YOUR GOAL:
What are the lines below, starting at the line containing "Nautical Rudder Flushmount" and ending at the line containing "Túi cỡ trung"? Write them out exactly, ends included, without pictures.

RECORDS SHOWN:

★ ★ ★

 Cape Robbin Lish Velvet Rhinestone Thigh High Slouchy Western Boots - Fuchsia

★ ★ ★

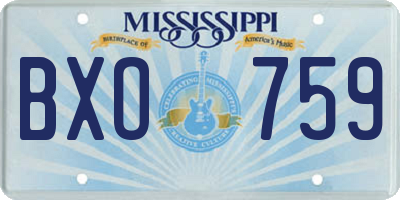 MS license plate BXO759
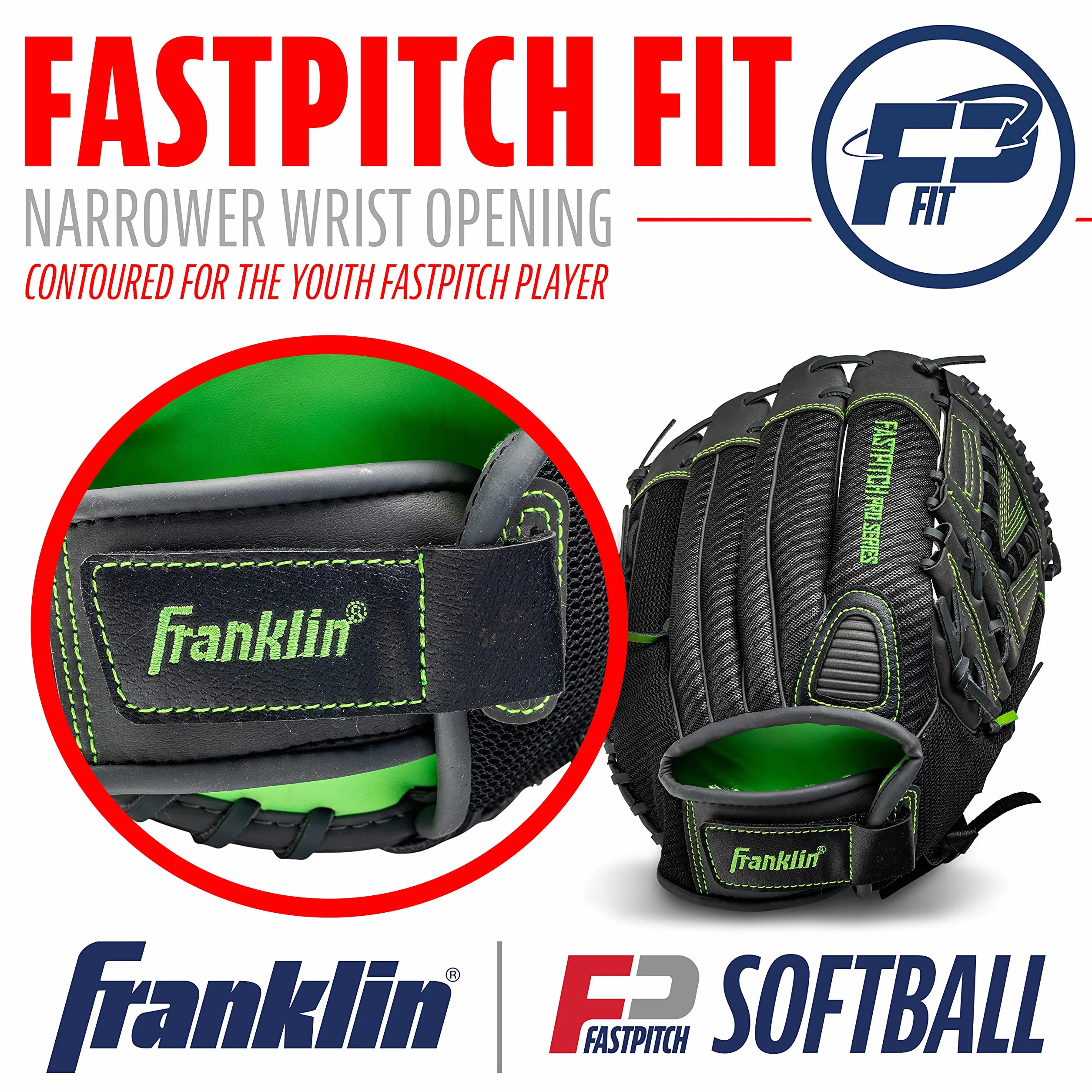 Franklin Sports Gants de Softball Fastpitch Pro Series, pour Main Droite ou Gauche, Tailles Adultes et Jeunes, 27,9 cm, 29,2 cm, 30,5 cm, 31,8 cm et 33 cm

★ ★ ★

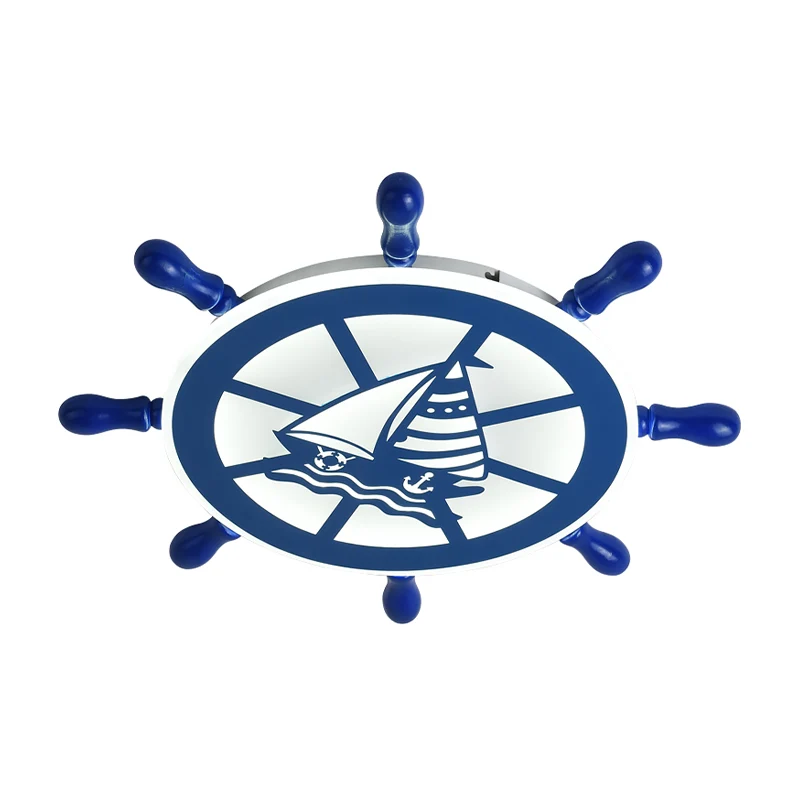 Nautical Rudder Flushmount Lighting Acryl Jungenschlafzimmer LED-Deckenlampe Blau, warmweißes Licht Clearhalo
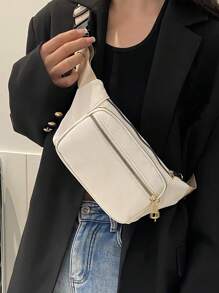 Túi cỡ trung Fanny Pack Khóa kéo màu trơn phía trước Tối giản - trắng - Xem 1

★ ★ ★

RESPONSE TO THIS EXERCISE:
 Nautical Rudder Flushmount Lighting Acryl Jungenschlafzimmer LED-Deckenlampe Blau, warmweißes Licht Clearhalo
 Túi cỡ trung Fanny Pack Khóa kéo màu trơn phía trước Tối giản - trắng - Xem 1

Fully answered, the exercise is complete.